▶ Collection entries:
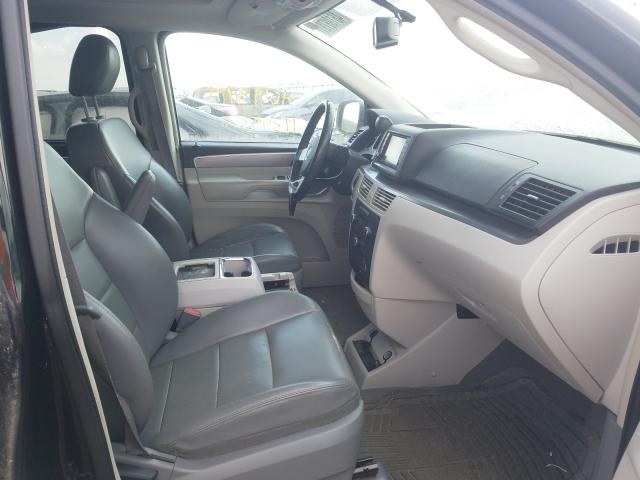 2010 VOLKSWAGEN ROUTAN 2V4RW5DX6AR242203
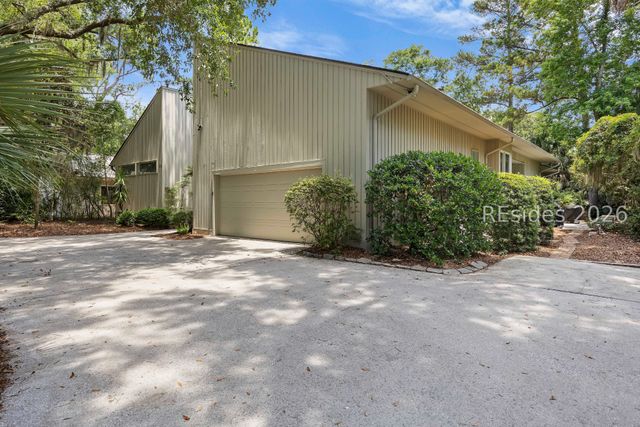 20 Heath Dr, Hilton Head Island, SC 29928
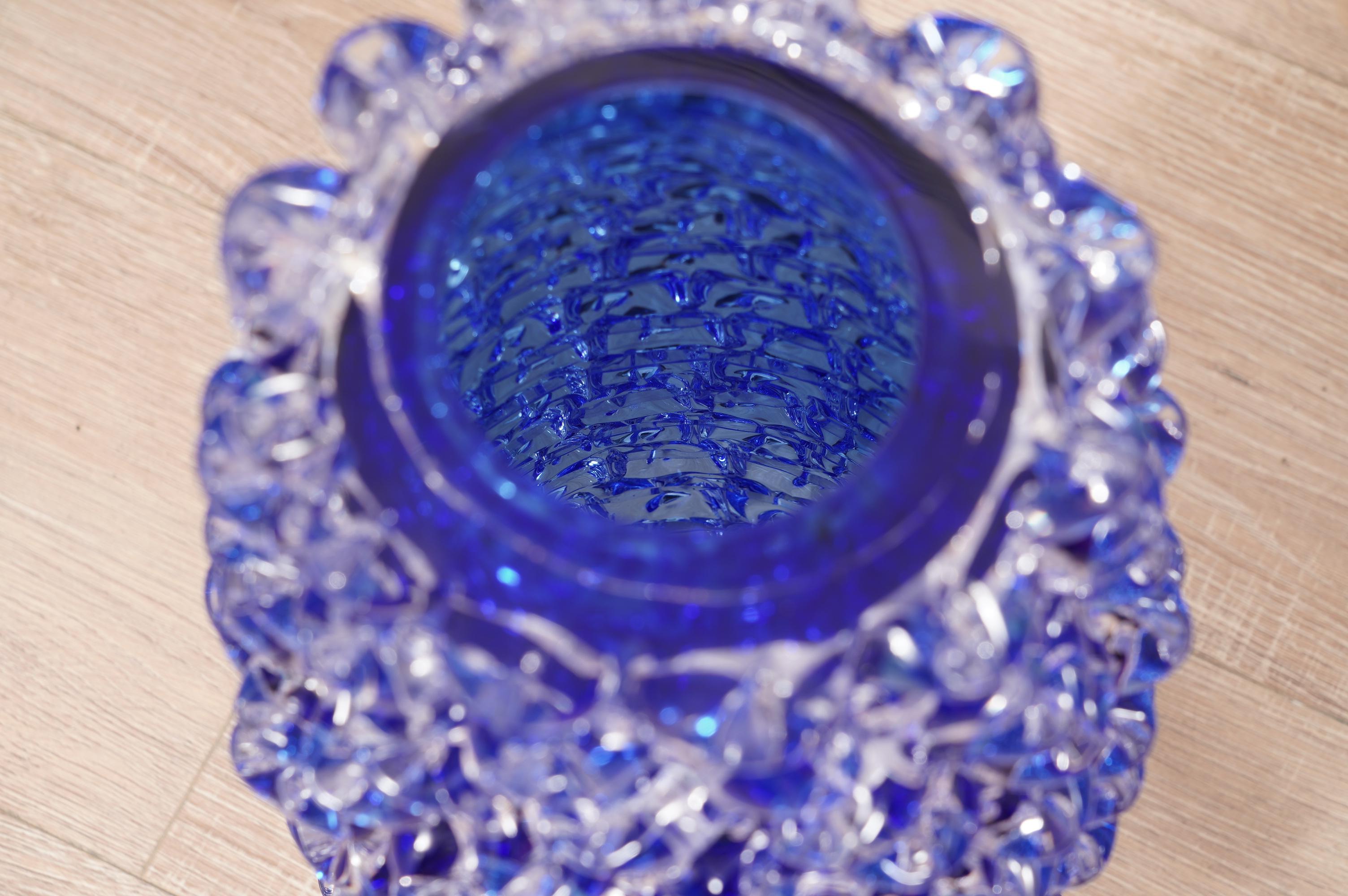 Runde blaue italienische Murano-Vase aus der Mitte des Jahrhunderts, 1970 (Muranoglas) im Angebot
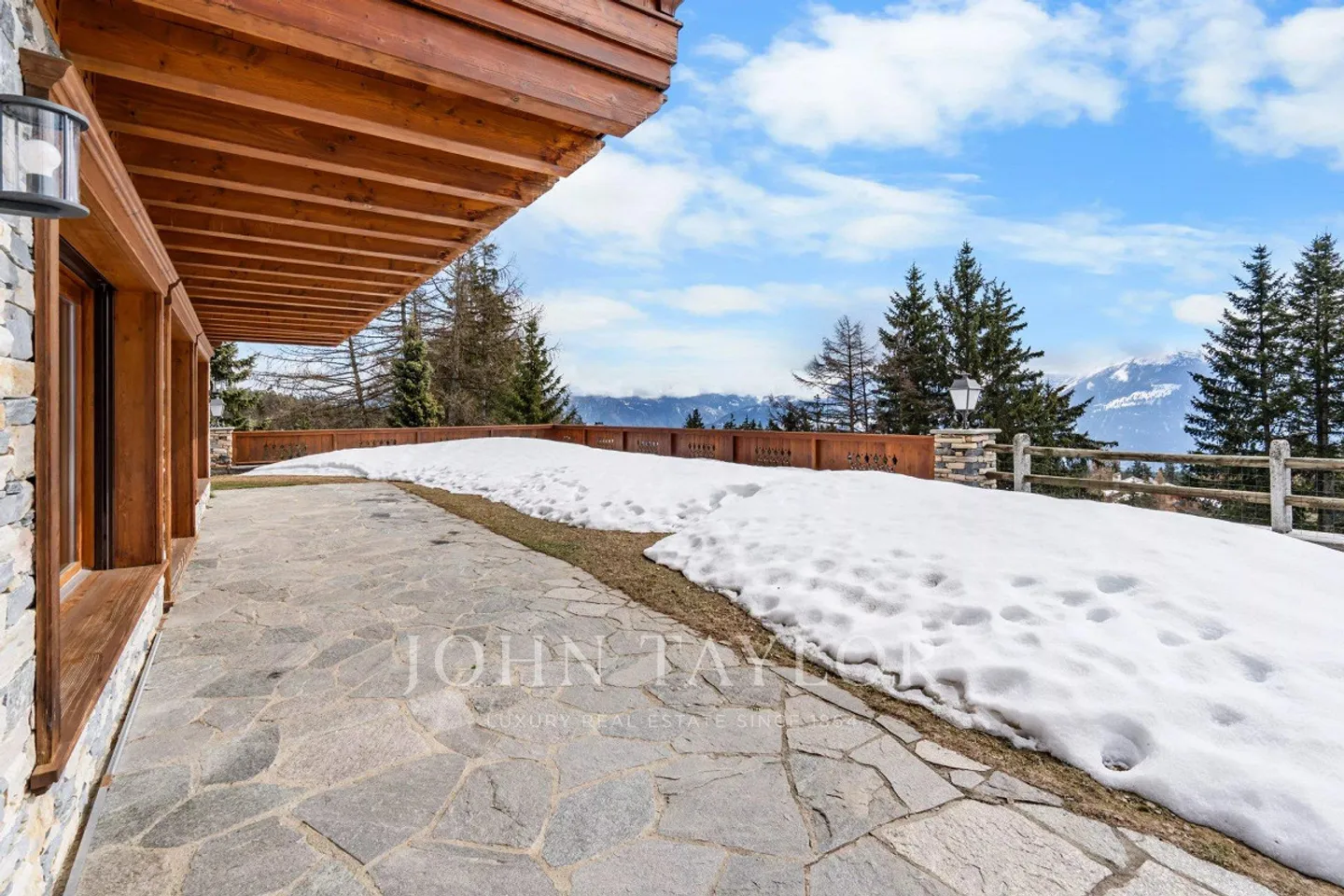 Luxus-Chalet in Crans-Montana - Foto 2 von 5
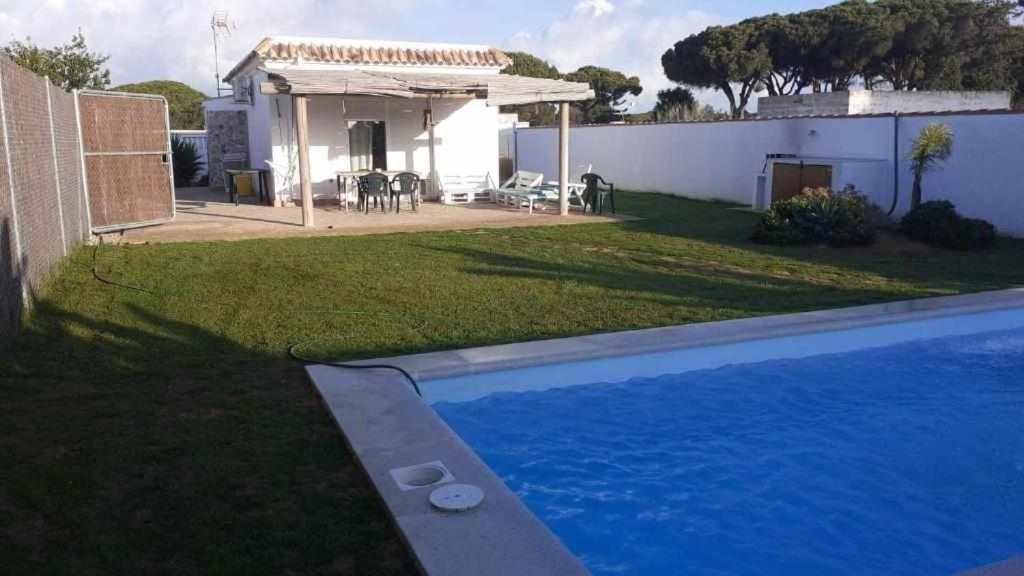 Las Casitas de la Barrosa con jardín y piscina - 5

▶ YOUR GOAL:
Reprint the data verbatim, pictures excluded.

▶ TASK OUTPUT:
 2010 VOLKSWAGEN ROUTAN 2V4RW5DX6AR242203
 20 Heath Dr, Hilton Head Island, SC 29928
 Runde blaue italienische Murano-Vase aus der Mitte des Jahrhunderts, 1970 (Muranoglas) im Angebot
 Luxus-Chalet in Crans-Montana - Foto 2 von 5
 Las Casitas de la Barrosa con jardín y piscina - 5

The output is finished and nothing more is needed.